_THE PROBLEM_
Reproduce the entries in full and exactly. Pictures stay out.

_SOURCE DATA_
------------------------------------------------------------------------

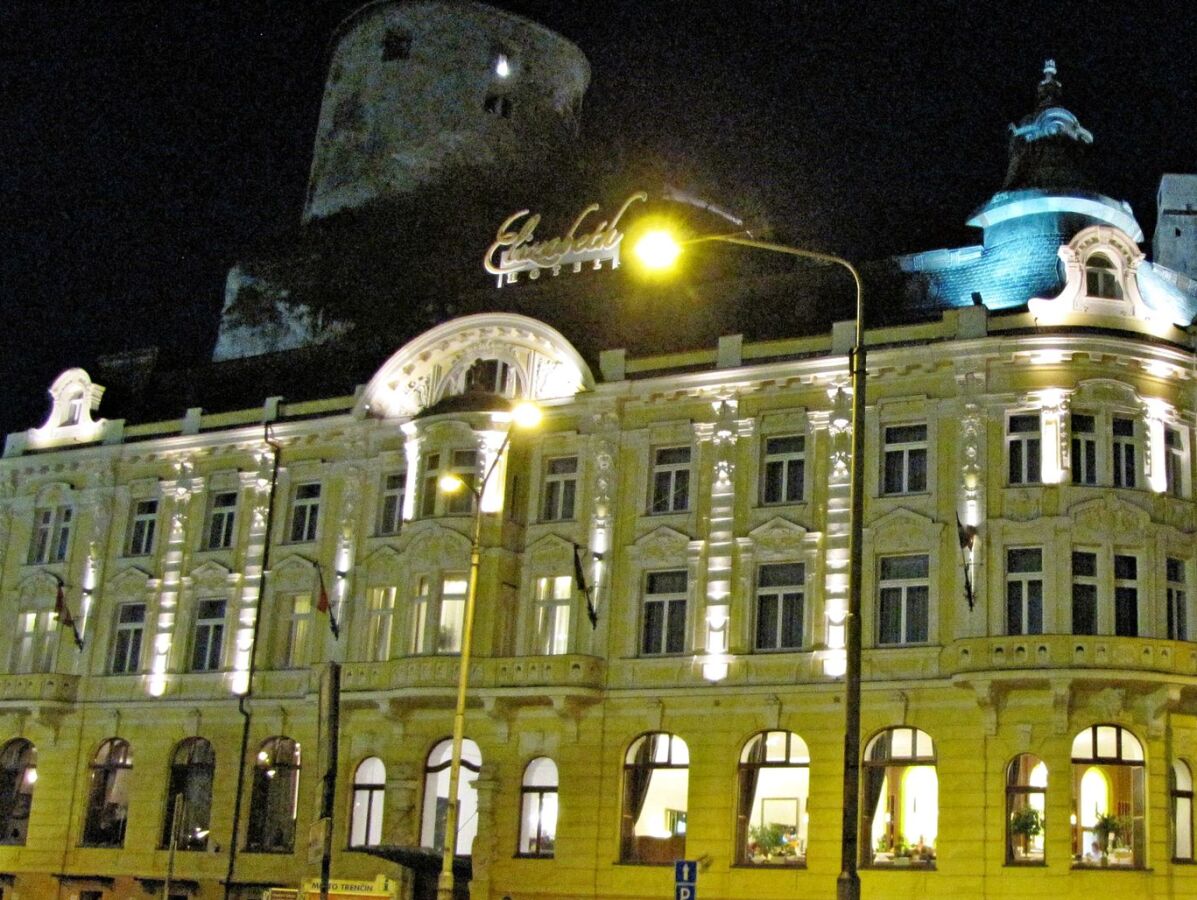 Elizabeth, hotel, Trencin,
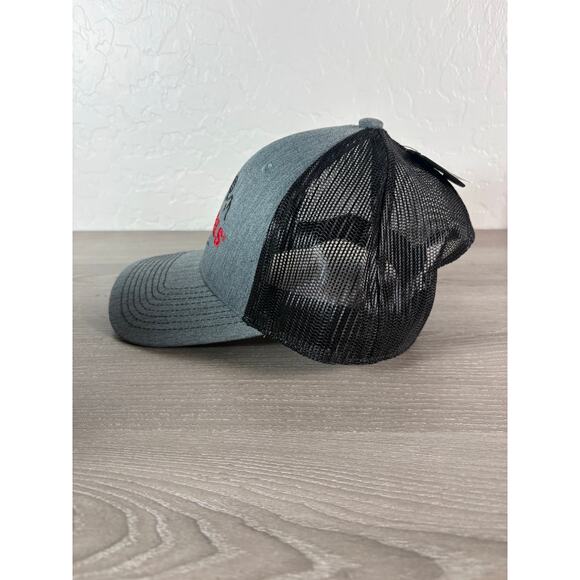 Scheels Chandler Arizona Men's Gray Black Snapback Trucker Hat- NWT - Picture 2 of 4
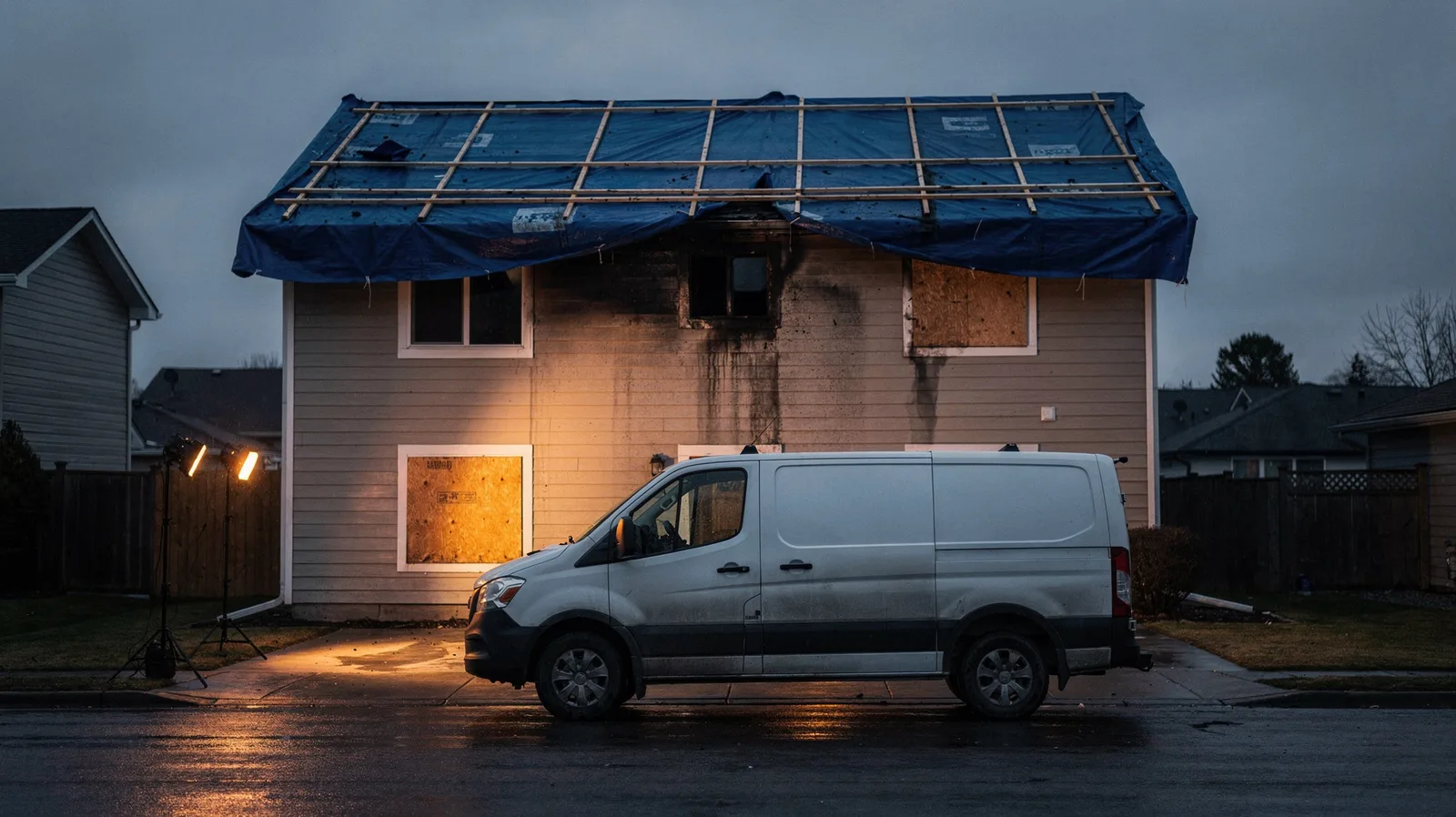 Fire Damage Restoration in South China, ME near me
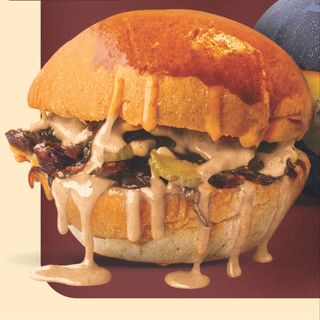 Барбекю бургер с Beyond steak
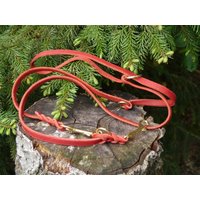 3-Fach Verstellbare Führleine Aus Fettleder von shoprsp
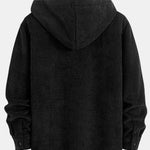 Fleece Lined Corduroy Hooded Overshirt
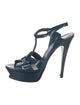 Yves Saint Laurent Patent Leather T-Strap Sandals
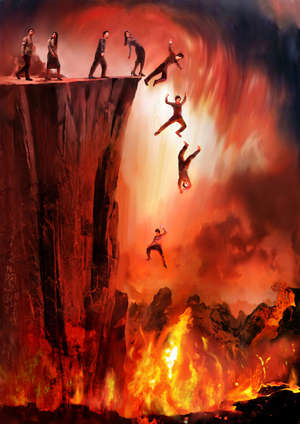 Leap into Hell. Leap into Hell.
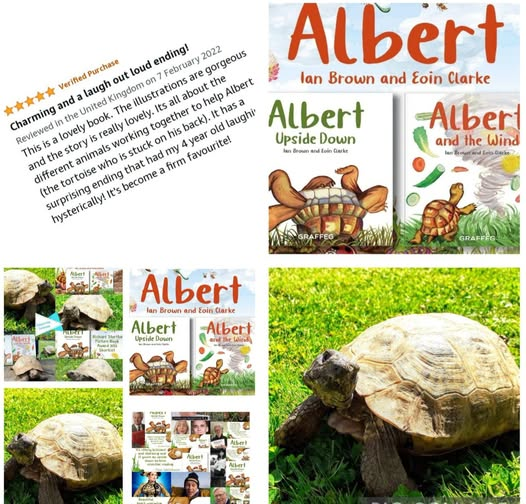 AlbertTortoise's tweet photo. CHARMING, LOVELY, LAUGH OUT LOUD.. Super 5* #Praise for #ALBERTthetortoise #books. Please keep posting YOUR #BookReviews. #AvailableNow 10 #ALBERT #picturebooks, 3 #BoardBooks &amp; #ActivityBook https://t.co/sGYhBlFUhP
#review #bookseries #tortoise #illustrated #storytime https://t.co/pGcIcaeStT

------------------------------------------------------------------------

_OUTPUT FOR THIS EXERCISE_
 Elizabeth, hotel, Trencin,
 Scheels Chandler Arizona Men's Gray Black Snapback Trucker Hat- NWT - Picture 2 of 4
 Fire Damage Restoration in South China, ME near me
 Барбекю бургер с Beyond steak
 3-Fach Verstellbare Führleine Aus Fettleder von shoprsp
 Fleece Lined Corduroy Hooded Overshirt
 Yves Saint Laurent Patent Leather T-Strap Sandals
 Leap into Hell. Leap into Hell.
 AlbertTortoise's tweet photo. CHARMING, LOVELY, LAUGH OUT LOUD.. Super 5* #Praise for #ALBERTthetortoise #books. Please keep posting YOUR #BookReviews. #AvailableNow 10 #ALBERT #picturebooks, 3 #BoardBooks &amp; #ActivityBook https://t.co/sGYhBlFUhP
#review #bookseries #tortoise #illustrated #storytime https://t.co/pGcIcaeStT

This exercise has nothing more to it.